The "whistle blower's" fraternity - SAE - was always one of the most egregious hazers, along with the African American fraternities.  And while I was there, SAE was always one of the lamer fraternities.  I can't recall ever going there for a party.  And I also remember that the brothers who got "into" harassing pledges the most were usually the biggest losers in the house.

If anything the hazing experience tends to draw cruelty not from the strong but from the weak.  

My own memories of being a brother during pledge period were that after the first year, when sophomores tended to lay it on, I really withdrew from pledge hazing.  I remember from my own sink night, when I was shivering uncontrollably, the Vice President of the frat stayed up with me to make sure I was alright.  He kept checking in on me until the sun came up.  

I'd like to think I learned more about brotherhood from him than from the various acts of shared misery that usually makes up pledging a fraternity.  

But I think what happened instead was that I simply withdrew a lot.  Part of that was in my nature.  I just wasn't very out going.  And I know now I suffered from depression on and off from my time in college until I began teaching.  Mostly it was a depression brought about from idleness and a lack of direction.  But now I wonder how much if any of it was caused by my experiences in my fraternity.

I returned to my high school to teach.  About every other week I run into my best friend from high school; our kids do scouts together.  When I went in to the rugby banquet I stayed with an old girlfriend from high school.  Every New Years I see another old friend from here (and before).  

I don't keep in touch with anyone from Dartmouth.

When I was being hazed, I didn't think much of it.  As it began, I tried to think of myself as a samurai, someone immune to pain and degradation - I was watching a lot of Kurosawa movies back then.  I remember trying to sit like a samurai in front of a huge phalanx of beers we had to drink.  One of the brothers kept shoving me down as a tried to sit on my haunches.  I kept popping back up.  To me the whole thing was hard, and hard was OK for me.  I had wrestled, done a NOLS course, played rugby.  I liked hard.  I ate hard.  The fact that I was being yelled at and made to vomit was not a problem (except for the mono thing, that sucked).

But I can't help but wonder now how my time might have been different.  Jon Bigelow was one of the best rugby players I ever played with.  Legs like oaks, massive boot, was selected to the US national team after senior year, but chose not to go because he was tired and beat up.  Bigs was in a frat but then dropped out.  He was still captain of the team, active in the outdoor club and when I see him on occasion, I am genuinely happy to see him.

I think maybe he had a secret I could have used.  

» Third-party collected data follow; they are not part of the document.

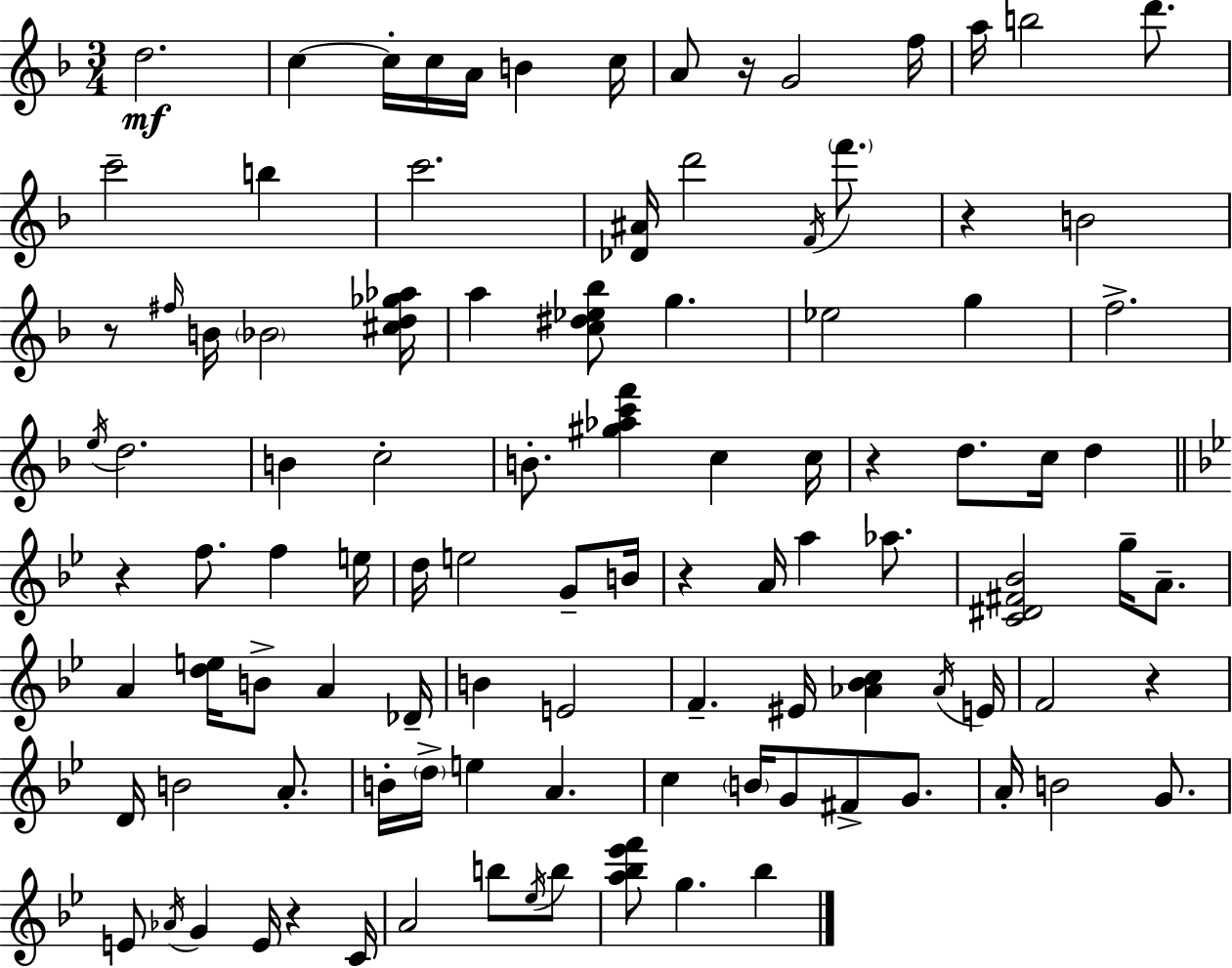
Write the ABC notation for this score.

X:1
T:Untitled
M:3/4
L:1/4
K:Dm
d2 c c/4 c/4 A/4 B c/4 A/2 z/4 G2 f/4 a/4 b2 d'/2 c'2 b c'2 [_D^A]/4 d'2 F/4 f'/2 z B2 z/2 ^f/4 B/4 _B2 [^cd_g_a]/4 a [c^d_e_b]/2 g _e2 g f2 e/4 d2 B c2 B/2 [^g_ac'f'] c c/4 z d/2 c/4 d z f/2 f e/4 d/4 e2 G/2 B/4 z A/4 a _a/2 [C^D^F_B]2 g/4 A/2 A [de]/4 B/2 A _D/4 B E2 F ^E/4 [_A_Bc] _A/4 E/4 F2 z D/4 B2 A/2 B/4 d/4 e A c B/4 G/2 ^F/2 G/2 A/4 B2 G/2 E/2 _A/4 G E/4 z C/4 A2 b/2 _e/4 b/2 [a_b_e'f']/2 g _b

I had friends in my house and others.  I spent a ton of time in my house.  I drank, but maybe because I never became inured to vomiting I rarely got sickeningly drunk.  I did not have a "bad" experience in my fraternity.  I was not traumatized by the hazing that went on (and it was hazing).

But was my essential disconnect from my Dartmouth experience tied up in my experience in a fraternity?  Maybe it was.  I can't be sure.  It wasn't like after graduation my life became sun-kissed and awesome again.  

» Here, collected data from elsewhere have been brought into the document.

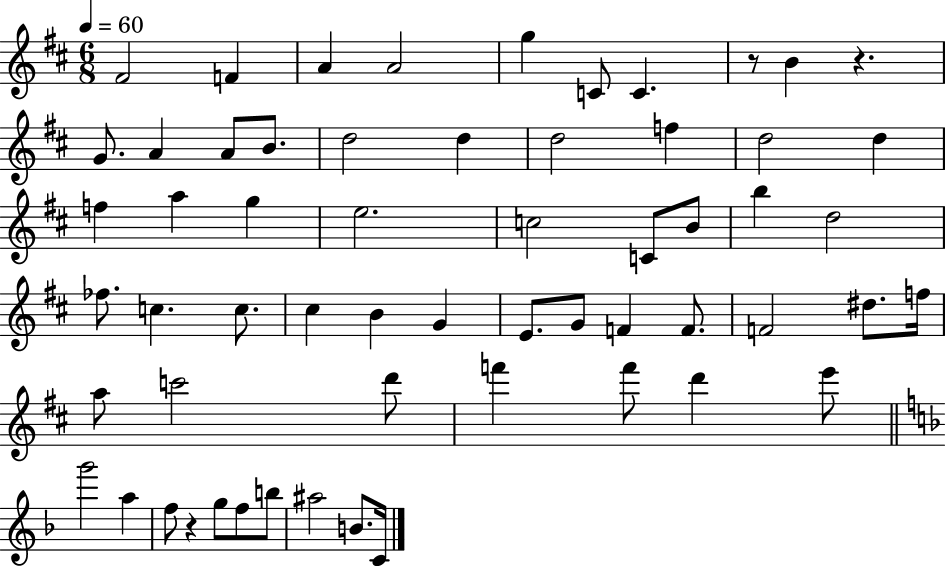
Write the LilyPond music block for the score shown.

{
  \clef treble
  \numericTimeSignature
  \time 6/8
  \key d \major
  \tempo 4 = 60
  fis'2 f'4 | a'4 a'2 | g''4 c'8 c'4. | r8 b'4 r4. | \break g'8. a'4 a'8 b'8. | d''2 d''4 | d''2 f''4 | d''2 d''4 | \break f''4 a''4 g''4 | e''2. | c''2 c'8 b'8 | b''4 d''2 | \break fes''8. c''4. c''8. | cis''4 b'4 g'4 | e'8. g'8 f'4 f'8. | f'2 dis''8. f''16 | \break a''8 c'''2 d'''8 | f'''4 f'''8 d'''4 e'''8 | \bar "||" \break \key f \major g'''2 a''4 | f''8 r4 g''8 f''8 b''8 | ais''2 b'8. c'16 | \bar "|."
}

As a teacher and a father, I know that hazing is wrong.  But I also know that shared hardships build bonds.  My friend who sent me the article played for our arch-rival Harvard.  But we also played together for three years in Santa Monica.  We were in each other's weddings.  Rugby is hard.  And that hardness brings teammates close together.

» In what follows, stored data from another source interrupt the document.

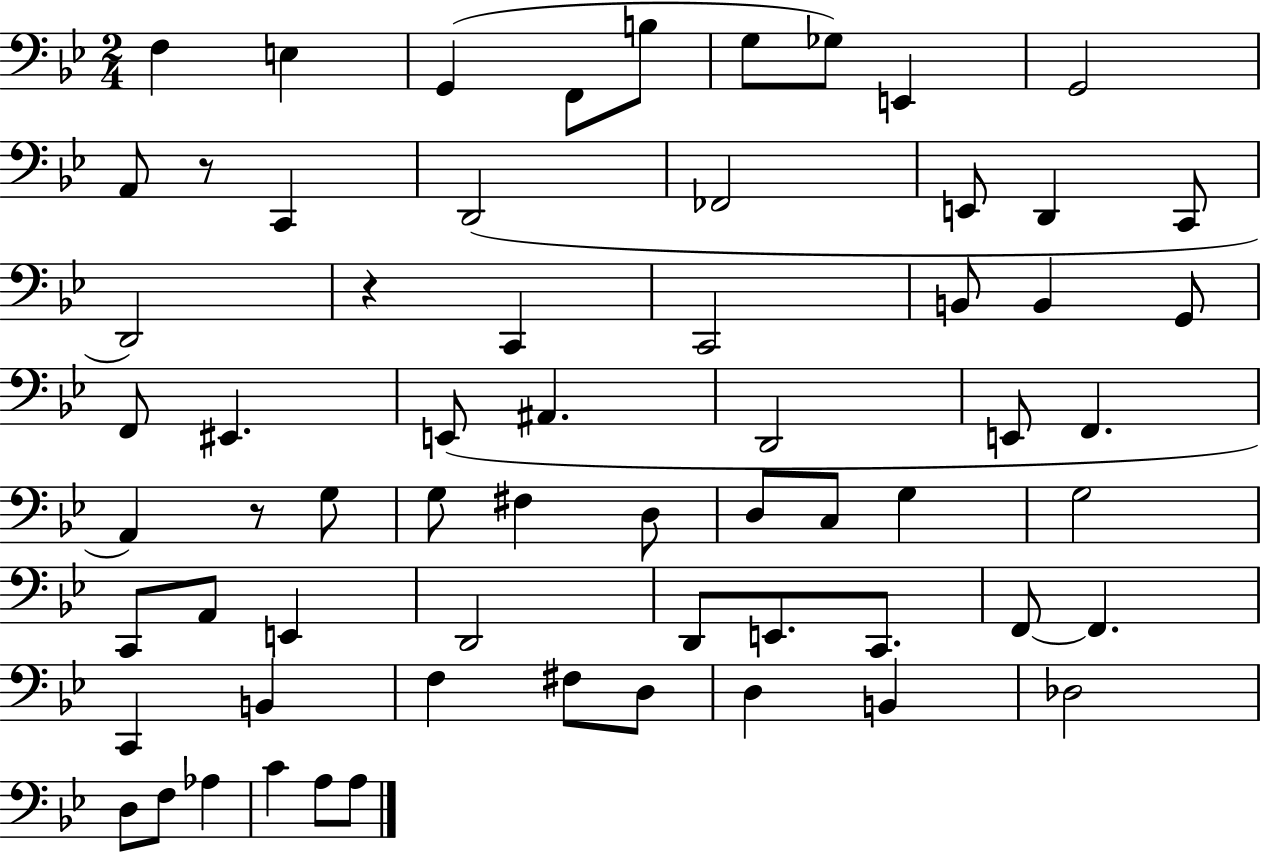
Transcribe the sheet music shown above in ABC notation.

X:1
T:Untitled
M:2/4
L:1/4
K:Bb
F, E, G,, F,,/2 B,/2 G,/2 _G,/2 E,, G,,2 A,,/2 z/2 C,, D,,2 _F,,2 E,,/2 D,, C,,/2 D,,2 z C,, C,,2 B,,/2 B,, G,,/2 F,,/2 ^E,, E,,/2 ^A,, D,,2 E,,/2 F,, A,, z/2 G,/2 G,/2 ^F, D,/2 D,/2 C,/2 G, G,2 C,,/2 A,,/2 E,, D,,2 D,,/2 E,,/2 C,,/2 F,,/2 F,, C,, B,, F, ^F,/2 D,/2 D, B,, _D,2 D,/2 F,/2 _A, C A,/2 A,/2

There isn't anything wrong with hard.  But there is something wrong with cruel.  And the problem with hazing is that hard becomes cruel in a split second; it's inevitable.  The logic of hazing is that the weakest people being hazed inevitably become the harshest hazers themselves.  

There is no escaping that logic, which is why hazing can't really be reformed, and why efforts to reform it are ultimately doomed.